Adem ve eşinin şirke düştüğünü ve dolayısıyla masum
olmadıklarını iddia etmektedirler. Bu ayetlerin
masumiyetle çelişmeyecek şekilde tefsir ve tevilini
açıklar mısınız?
Cevap-203:
Muhterem kardeşim, konunun iyi anlaşılması için önce söz
konusu ayetlerin metnini, sonra bu âyetten masumiyetle
çelişen bir manayı nasıl çıkardıklarını, daha sonra da
bunun geniş cevabını vermeğe çalışacağız:
* "Sizi
bir tek nefisten yaratan, onunla sükûnet bulsun diye
eşini de ondan yaratan Allah'tır. O, eşiyle cinsel
münasebette bulunduğunda, eşi hafif bir yük yüklendi
(hâmile kaldı). Bir müddet böyle geçti, derken yükü
ağırlaştı. O vakit ikisi birden Rableri olan Allah'a
şöyle dua ettiler: "Eğer bize salih bir evlat verirsen,
biz muhakkak şükredenlerden olacağız."
* Fakat
Allah, kendilerine salih bir evlat verince, her ikisi de
tuttular verdiği evlatlar üzerine ona ortak koşmaya
başladılar. Allah, onların ortak koştuklarından
münezzehtir.
* Hiçbir
şey yaratmayan ve kendileri yaratılmış olan putları mı
Allah'a ortak ediyorlar, ona eş koşuyorlar?
* Bu
putlar, ne o tapınanlara, ne de kendi kendilerine yardım
edebilirler." (A'râf, 189-192)
Masumiyet
karşıtları, güya bu ayetlerden Hz. Adem ve Hz. Havva'ya
Allah'a şirk koştukları manasını çıkarmaya çalışıyorlar
ve diyorlar ki "Fakat Allah, kendilerine salih bir evlat
verince, o ikisi tuttular ona şirk koştular" cümlesinde
"o ikisi"nden maksat Adem ve Havva'dır. Zira ilk âyetin
başındaki "Sizi bir tek nefisten yaratan, onunla sükûnet
bulsun diye eşini de ondan yaratan Allah'tır"

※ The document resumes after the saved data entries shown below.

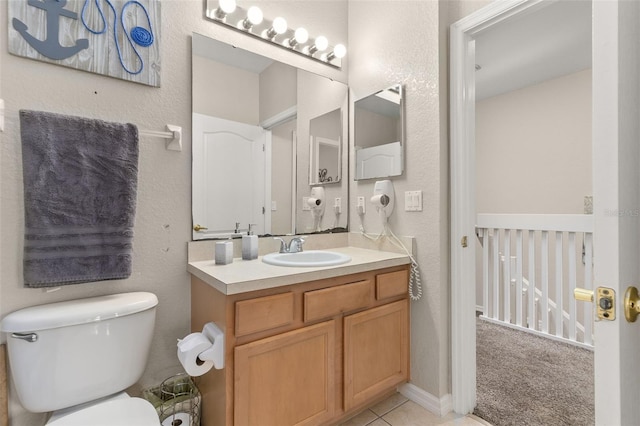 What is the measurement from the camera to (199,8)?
1610 millimetres

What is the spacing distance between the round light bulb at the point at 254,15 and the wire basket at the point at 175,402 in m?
1.97

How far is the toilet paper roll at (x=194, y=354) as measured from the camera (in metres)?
1.15

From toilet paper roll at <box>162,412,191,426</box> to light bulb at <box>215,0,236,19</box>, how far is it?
1993mm

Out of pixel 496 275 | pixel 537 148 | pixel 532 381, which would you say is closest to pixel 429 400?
pixel 532 381

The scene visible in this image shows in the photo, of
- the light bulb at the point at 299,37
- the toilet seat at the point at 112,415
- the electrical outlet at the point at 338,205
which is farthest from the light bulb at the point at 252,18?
the toilet seat at the point at 112,415

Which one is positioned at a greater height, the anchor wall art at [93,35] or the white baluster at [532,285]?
the anchor wall art at [93,35]

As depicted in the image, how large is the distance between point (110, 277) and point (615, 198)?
5.25 feet

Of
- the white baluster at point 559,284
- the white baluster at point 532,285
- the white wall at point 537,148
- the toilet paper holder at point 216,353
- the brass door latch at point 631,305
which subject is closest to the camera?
the brass door latch at point 631,305

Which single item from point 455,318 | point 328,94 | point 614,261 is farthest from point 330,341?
point 328,94

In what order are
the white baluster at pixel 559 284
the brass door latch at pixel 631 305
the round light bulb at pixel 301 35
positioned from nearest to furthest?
the brass door latch at pixel 631 305, the round light bulb at pixel 301 35, the white baluster at pixel 559 284

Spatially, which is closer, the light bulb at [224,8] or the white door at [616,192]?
the white door at [616,192]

cümlesindeki "bir tek nefis Adem'dir." Dolayısıyla
ayetlerin devamı da onlara yöneliktir. Bu da gösteriyor
ki Adem ve eşi bir ara şirke düşmüşlerdir; onun için de
mutlak bir masumiyeti onlara atfetmek doğru değildir.
Maalesef
bu konuda son derece çirkin bir rivayeti nakletmeği de
ihmal etmemişlerdir. . Semure b. Cündeb gibi bazı
ravilerin naklettiği rivayet kısaca şöyledir:
"(Bir
müddet çocuğu diri kalmayan) Havva, yeni bir çocuk
dünyaya getirdiğinde onun yanına gelerek şöyle dedi ona:
"Onun adını Abdülharis (şeytanın isimlerinden
birisi-Harisin kulu) koy (yani böyle yaparsan diri
kalır, ölmez). Havva da yaptı ve çocuk diri kaldı. Bu
şeytanın ona bir vahyi ve emriydi!" (Tefsir-i El-Menâr,
c.9, s.522, Ahmed b. Hanbel'in Müsned'inden naklen)
Cevabımız:
Rivayetin uydurma olduğu gün gibi ortada
olduğundan üzerinde durmaya gerek bile gerek görmüyor ve
ayetle ilgili iddialarına geçiyoruz ve diyoruz ki bu
istidlal ancak o zaman doğru olabilir ki ayetteki "tek
bir nefis"ten özel birey (Adem ve Havva) kastedilmiş
olsun. Oysa bize göre bu ayette bundan özel birey değil
"nevî birey" kastedilmiştir. Yani âyet, her bir baba ve
annenin evlatlarına yönelik durumlarını genel bir
şekilde vurgulamak istemiştir. Yani âyetin manası
şöyledir: "Allah siz insanlardan her birini, bir baba ve
aynı cinsten olan bir anneden dünyaya getirmiştir."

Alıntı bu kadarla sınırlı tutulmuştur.